MCP server for **semantic search** and **file management** over an Obsidian vault. Uses Qdrant as vector store and FastEmbed for local embeddings. Provides a complete set of tools for AI agents to read, write, search, and manage vault content — no external Obsidian plugins required.

---

### Table of Contents

| | Section | Description |
|---|---|---|
| **?** | [Why?](#why) | The problem this solves |
| **✨** | [Features](#features) | Full feature list |
| **⚡** | [Quick Start](#quick-start) | Installation and setup |
| **📖** | [LLM Wiki Pattern](#llm-wiki-pattern) | Karpathy-inspired knowledge base model |
| **🤖** | [Agent Skills](#agent-skills) | Skill and agent for Claude Code |
| **🔧** | [MCP Tools](#mcp-tools) | All 27 tools — Search, Read, Write, Discover, Graph, Batch, Log, Health, Maintenance |
| **💻** | [CLI Commands](#cli-commands) | Command-line interface for any agent |
| **🏗️** | [Architecture](#architecture) | How it works under the hood |
| **📁** | [Project Structure](#project-structure) | File layout |

---

## Why?

Standard text search in Obsidian (and MCP tools like mcp-obsidian) is keyword-based — it only finds exact matches.

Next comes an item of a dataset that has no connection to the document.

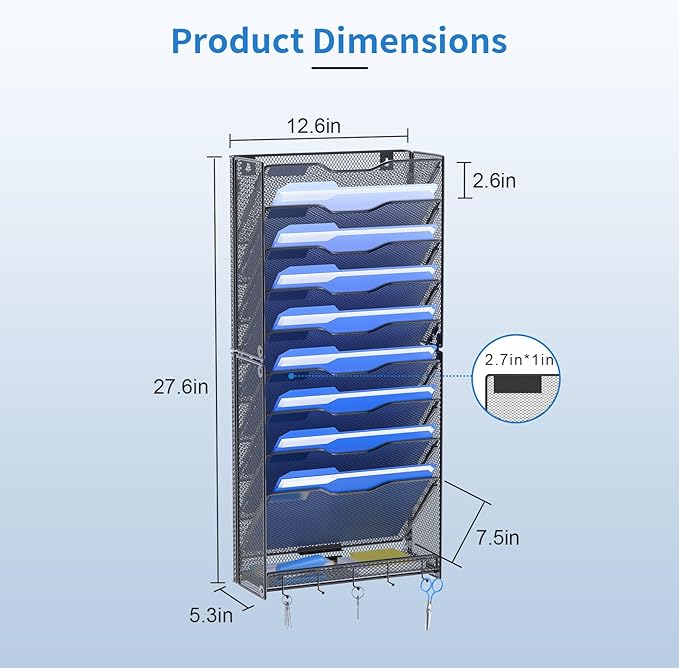 OUTWOLF 10 Tier Hanging Wall File Organizer Wall Mount Paper Document Folder Holder with Hooks for Home Office Organization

This means:

- Searching for "API logs" won't find a section titled "Execution tracking endpoints"
- Searching for "how does authentication work" returns nothing unless those exact words appear
- Typos, synonyms, and rephrased concepts are invisible to keyword search

**obsidian-qdrant-search** uses vector embeddings to understand the *meaning* of your query and match it against the *meaning* of your documentation. It finds relevant results even when the wording is completely different.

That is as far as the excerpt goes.